The effects of ESAs on humans are still being studied. PLNU alumna Emily Miranda graduated with a degree in psychology and spent years studying this topic. She previously attended Carroll College, the only U.S. college to offer a major in anthrozoology, the study of the human and animal bond. Miranda has a unique perspective on ESAs due to her time as both an anthrozoology major and a psychology major. She said, “Studies show that petting a dog can lower blood pressure, feelings of anxiety or stress.”
Miranda also differentiated between service animals and ESAs. Service animals are trained to perform specific tasks that benefit a person with a disability and can go wherever their owner goes. On the other hand, ESAs are not trained and don’t have a registry. They are only offered entrance into housing situations and airplanes.
University of Missouri psychology professor, Jeffrey Younggren addressed the responsibility of doctors and mental health professionals when prescribing ESAs. Younggren studies the legal and ethical problems of ESA certification, which he said is increasingly easy to obtain. His opinion is that it “isn’t something a mental health professional should be doing.”

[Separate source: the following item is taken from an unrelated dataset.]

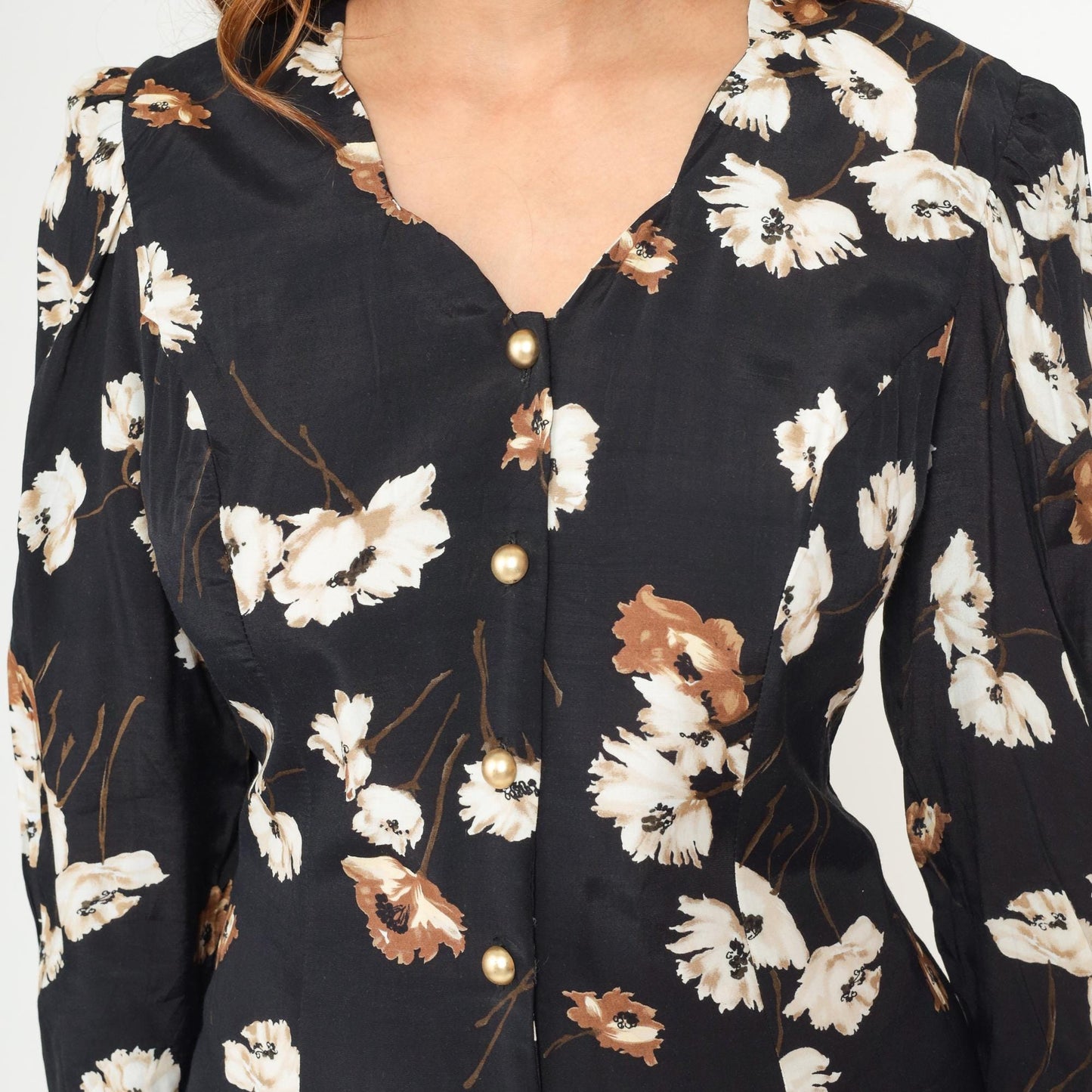 90s Caroline Wells Black Floral Midi Dress Pearl Buttons Lace-Up Back Medium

The research is mixed on how ESAs affect students in the long run. Younggren is an APA Council of Representatives member, psychology professor and a clinical and forensic psychologist. From his experiences, he believes that some people abuse ESA certification in order to have their pets with them at all times. He disagrees with giving special considerations for college students, regardless of additional stress. Younggren said, “Draw the lines where the laws are being abused. It’s the abuse that we have to stop.”

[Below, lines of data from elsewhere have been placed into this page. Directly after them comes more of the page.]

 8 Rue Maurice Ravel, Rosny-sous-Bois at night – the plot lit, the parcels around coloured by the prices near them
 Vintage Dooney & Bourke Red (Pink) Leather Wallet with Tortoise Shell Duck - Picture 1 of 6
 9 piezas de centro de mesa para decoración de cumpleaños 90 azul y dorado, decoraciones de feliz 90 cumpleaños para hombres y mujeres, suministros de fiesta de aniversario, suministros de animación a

California State University, Long Beach alumna, Jennifer Macias owns Cleo, a miniature dachshund and certified ESA. Macias got Cleo certified because it reduces her anxiety attacks and claustrophobia on planes. Macias is applying to graduate schools and plans to take Cleo with her. Although Cleo helps her handle college stress, Macias won’t bring her into classrooms. She said, “It could be beneficial, but for other people, it could be a distraction.”
Her connection with Cleo relieves her stress, which Macias said increases her personal work productivity. She said, “ESAs serve a purpose because they have a connection with their owners.” Macias referred to the topic of ESAs as a gray area. The situation varies for each person and animal species.
ESAs are becoming more common in planes and housing, and colleges and universities could be next. The stresses of college could either be alleviated or enhanced by having a furry friend on campus. While laws simplify the process of certifying an ESA, the mental health benefits are still being studied. If you see any dogs on your Thanksgiving flight home, you may see them in your classroom next.